We have separate components of our software stack to handle different tasks. In this post I’ll only cover the parts that make up our beacon collection component and how we tune it. Only a few of the tuning points are specific to this component.

The Stack

(side note… someone needs to start a Coffee Shop + Co-working Space called The Stack).

  • The beacon collector runs Linux at its base. We use a combination of Ubuntu 11.10 and 12.04, which for most purposes are the same. If you’re going with a new implementation though, I’d suggest 12.04 (or at least the 3.x kernels).

  • Slightly higher up is iptables to restrict inbound connections. This is mainly because we’re hosted on shared infrastructure and need to restrict internal communications only to hosts that we trust. iptables is the cheapest way to do this, but it brings in a few caveats that we address in the tuning section later.

  • We then have nginx set up to serve HTTP traffic on ports 80 and 443 and do some amount of filtering (more on this later)

  • Behind nginx is our custom node.js server that handles and processes beacons as they come in. It reads some configuration data from couchdb and then sends these processed beacons out into the ether. Nginx and node talk to each other over a unix domain socket.

That’s about all that’s relevant for this discussion, but at the heart of it, you’ll see that there are lots of file handles and sockets in use at any point of time.

A large part of this is due to the fact that nginx only uses HTTP/1.0 when it proxies requests to a back end server, and that means it opens a new connection on every request rather than using a persistent connection.

What should we tune?

In this post I’ll talk only about the first two parts of our stack. Linux and iptables.

Open files

Since we deal with a lot of file handles (each TCP socket requires a file handle), we need to keep our open file limit high. The current value can be seen using ulimit -a (look for open files). We set this value to 999999 and hope that we never need a million or more files open. In practice we never do.

We set this limit by putting a file into /etc/security/limits.d/ that contains the following two lines:

*	soft	nofile	999999
*	hard	nofile	999999

(side node: it took me 10 minutes trying to convince Markdown that those asterisks were to be printed as asterisks)
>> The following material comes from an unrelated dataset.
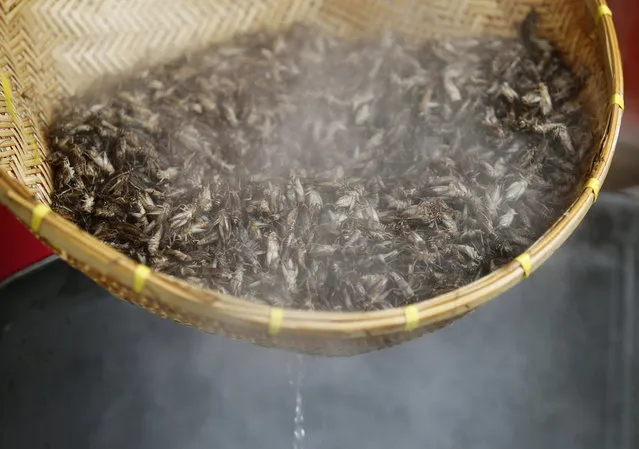 View at crickets in a basket after ripen in boiling water as part of process for sale at the cricket community enterprise center in Mahasarakam province, northeast of Thailand, 08 July 2013. Insects have long been on the menu in Thailand, but academics and the United Nation's Food and Agriculture Organization (FAO) officials are hoping they will become a more common global source of protein and nutrients to meet the need for growing world food requirements in the future. (Photo by Narong Sangnak/EPA)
If you don’t do this, you’ll run out of open file handles and could see one or more parts of your stack die.

Ephemeral Ports

The second thing to do is to increase the number of Ephemeral Ports available to your application. By default this is all ports from 32768 to 61000. We change this to all ports from 18000 to 65535. Ports below 18000 are reserved for current and future use of the application itself. This may change in the future, but is sufficient for what we need right now, largely because of what we do next.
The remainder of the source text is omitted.